BasedHardware / omi

AI wearables
https://omi.me
MIT License
3.68k stars 473 forks source link

Speech Profile [Part 1] ~ Opus #556

Closed josancamon19 closed 3 months ago

josancamon19 commented 3 months ago

Is your feature request related to a problem? Please describe. https://github.com/BasedHardware/Friend/blob/7539e2eb315ca3fba4ce07b8ed1057b03dfdc09e/backend/routers/transcribe.py#L66

The websocket shift doesn't work with opus as even after uploading all samples from opus recording, in the samples tab in the app, we have locally a wav file with 16khz, but apparently not in opus.

ebariaux commented 3 months ago

I haven't looked at the app or server code but wanted to react to your comment on "we have locally a wav file with 16khz, but apparently not in opus".

You need to consider the difference between the container file format and the codec used.

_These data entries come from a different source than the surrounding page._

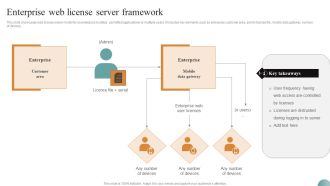 Enterprise Web License Server Framework Diagrams PDF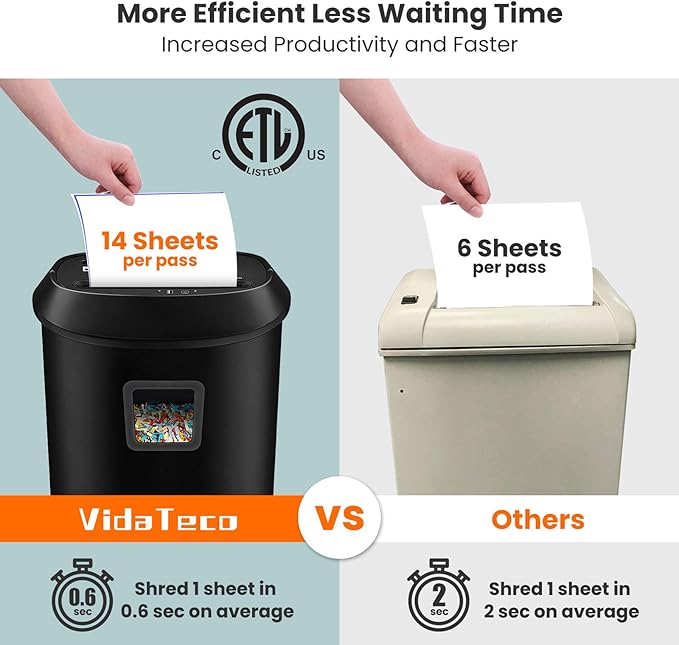 VidaTeco Paper Shredder 58dB 14-Sheet Cross-Cut Shredder - Image 9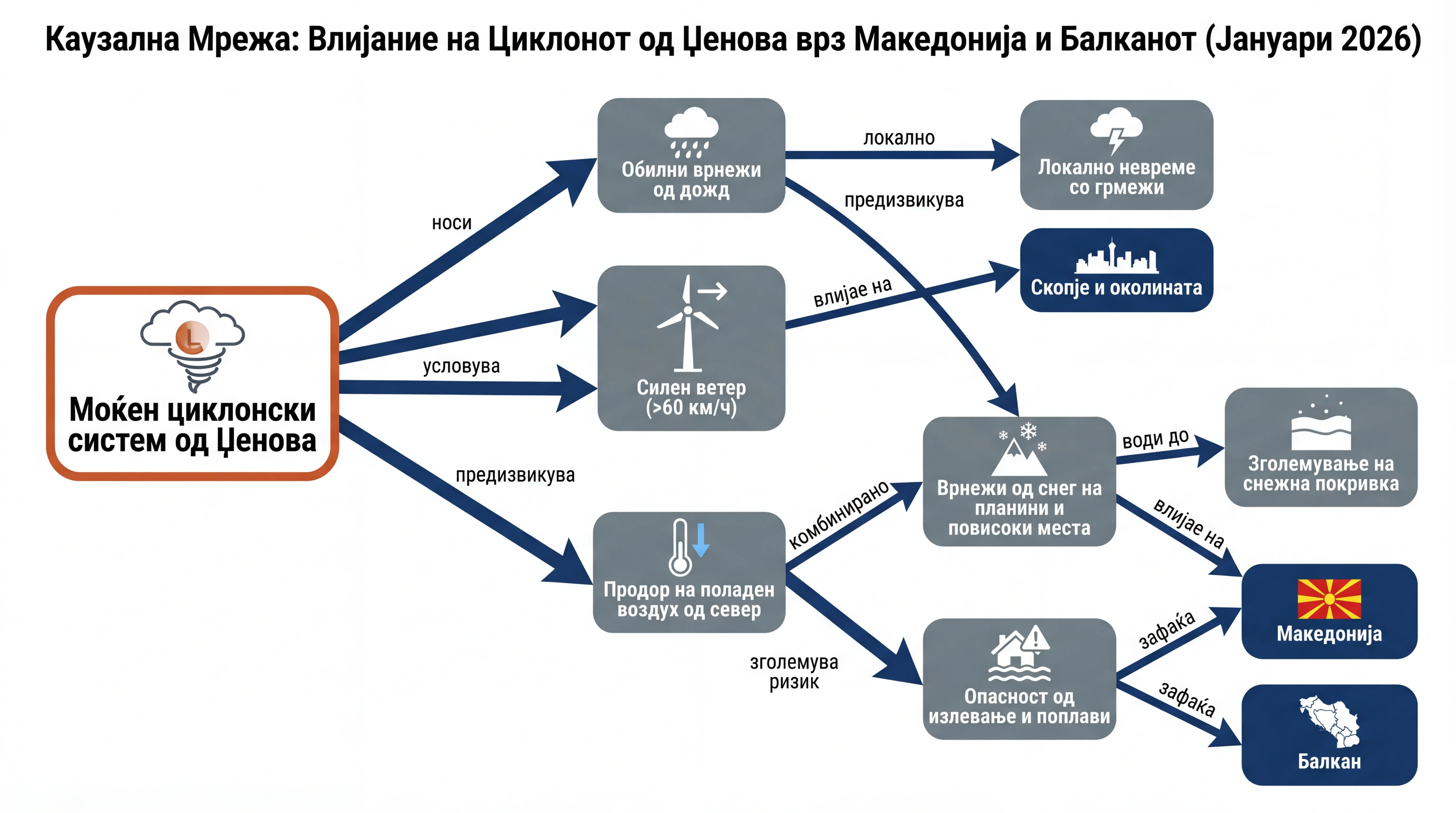 Infografika dogodka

Raw audio (your content) is uncompressed LPCM, just the bytes representing the samples. WAV is the container and usually it stores uncompressed audio in LPCM (linear PCM) format, just adding a header to the raw bytes. It supports some basic compression schemes but not Opus AFAIK. Opus is the codec, so it takes LPCM and encodes it into some opus compressed format or goes from opus format to LPCM.

A (far from perfect) analogy would be. You have text as your content. Your container / file format could be a word document. You can zip your text (content) e.g. to send it over the wire but you don't store a zip in a word document. You capture text in your Omi device, zip it, send it over BLE, unzip it on your phone and store it in a word document. Same with audio, capture in your Omi, encode with Opus, send over BLE, decode with Opus (you get LPCM back) and store in WAV file.

Hope some of this makes sense...

josancamon19 commented 3 months ago

Done